If a CSV or XLSX file with the same name as the data file exists in the same directory, it is treated as a metadata input sheet. Information is applied to the dataset’s variables.

Download a Metadata Input Sheet template.

A sample metadata input sheet looks like this:

Name Label Description Type Codes
name The name of the respondent   Text  
marstat The marital status of the respondent A longer description can go here. Code 1, Single | 2, Married
age The age of the respondent   Numeric  

See also

For details on the format and content of metadata input sheets, see Apply a Metadata Input Sheet.

Concordance Definition Files

These files can be named concordance*.xlsx or concordance*.csv. Multiple files are allowed. For example, the following files could all exist and would all be applied:

  • concordance-demographics.xlsx
  • concordance-family.xlsx
  • concordance-work.xlsx

The concordance definition file allows the following columns:

  • Name: a name for the ConceptualVariable to be created.
  • Label: a label for the ConceptualVariable to be created.
  • Description: a description for the ConceptualVariable to be created.
  • Topic: the topical group to which the ConceptualVariable should be assigned.

All other columns are used to locate datasets. The column name should match the name of a data file.

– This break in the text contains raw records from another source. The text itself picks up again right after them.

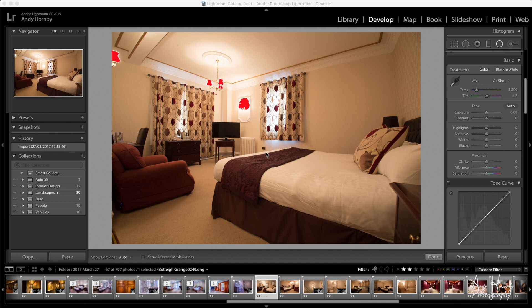Hey guys, welcome to another video. This is going to be a tutorial showing you the process I take to edit this image you see here. This is an image I took at Bodegrande this week.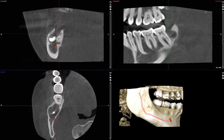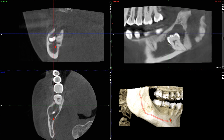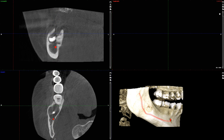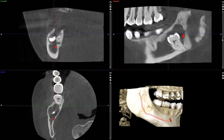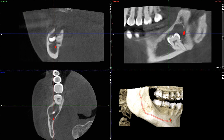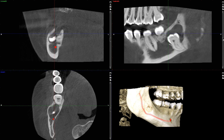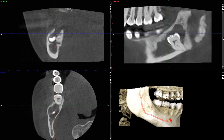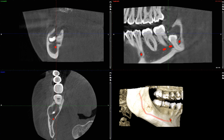Here we have an impacted third molar. We have a well-defined, corticated, pericoronal radiolucency associated with impacted tooth number 32. This tooth is impacted so far inferiorly that the root apices are embedded within the inferior cortex of the mandible. This lesion has also caused disruption of the alveolar crest, as you can see just above the crown of number 32.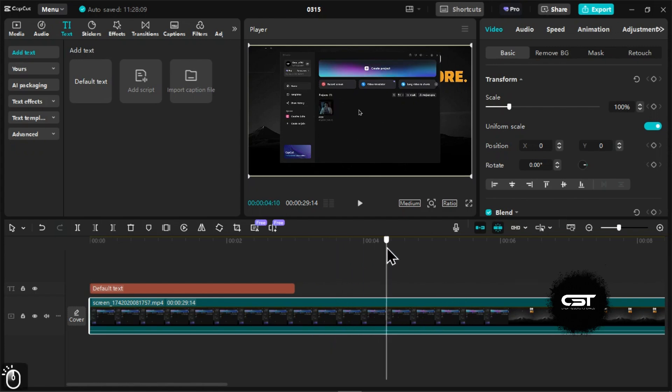This feature in the PC app is a powerful tool for creating professional-looking tutorials, presentations, and gameplay videos.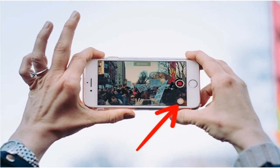Tip 4: Take Photos While Shooting Video. You don't have to stop recording video on your phone if you want to take a photo at the same time. You just need to tap the camera button, which appears on the screen alongside the shutter button.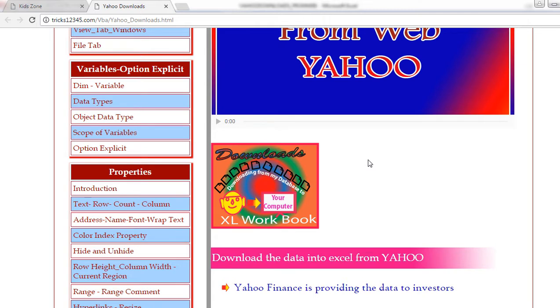Hope this video is useful to everyone. Thanks for watching. Good to share it with you, isn't it?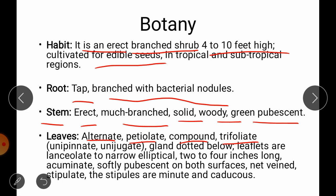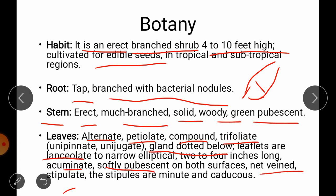The leaves are alternate, petiolate, compound, trifoliate, and gland-dotted below. Leaflets are lanceolate — meaning they are narrow at both sides and widest at the center — to narrow elliptical, 2 to 4 inches long, acuminate, softly pubescent on both surfaces, and net-veined with stipules.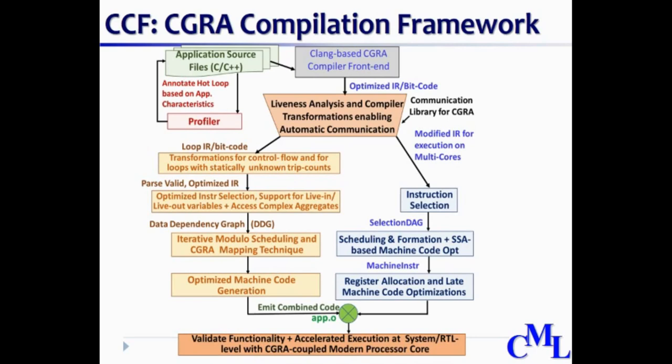The diagram here shows the complete flow of CCF code generation and simulation process. We will be discussing all the key aspects, the steps which are necessary from extracting the annotated loop to executing the generated code on CGRA-integrated heterogeneous platform.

The Bulk Ingest command performs the following actions when processing a concordance definition file.

  • For each row of the concordance definition file
    • A ConceptualVariable is located or created
    • The ConceptualVariable is assigned to a topical group based on the Topic column
    • For each dataset locator column, a variable with the specified name is located within that file
    • That variable is declared comparable with the row’s ConceptualVariable by creating a relationship to an appropriate RepresentedVariable, which in turn has a relationship to the ConceptualVariable.

A sample concordance definition file looks like this:

Name Label Topic wave1 wave2 wave3 wave4 custom:Comparability
age The age of the respondent Demographics:Person age age age age Here are some notes about how the data compare across waves.
sex Sex of the respondent Demographics:Person sex sex sex sex  
country Country in which the respondent lives Demographics:Location country country country country  

Custom Fields in Concordance Definition Files

Custom fields can also be applied to variables using a concordance definition file. To apply information in custom fields on a conceptual variable, add extra columns that begin with custom:. For example, to add a field named Comparability, add a column named custom:Comparability.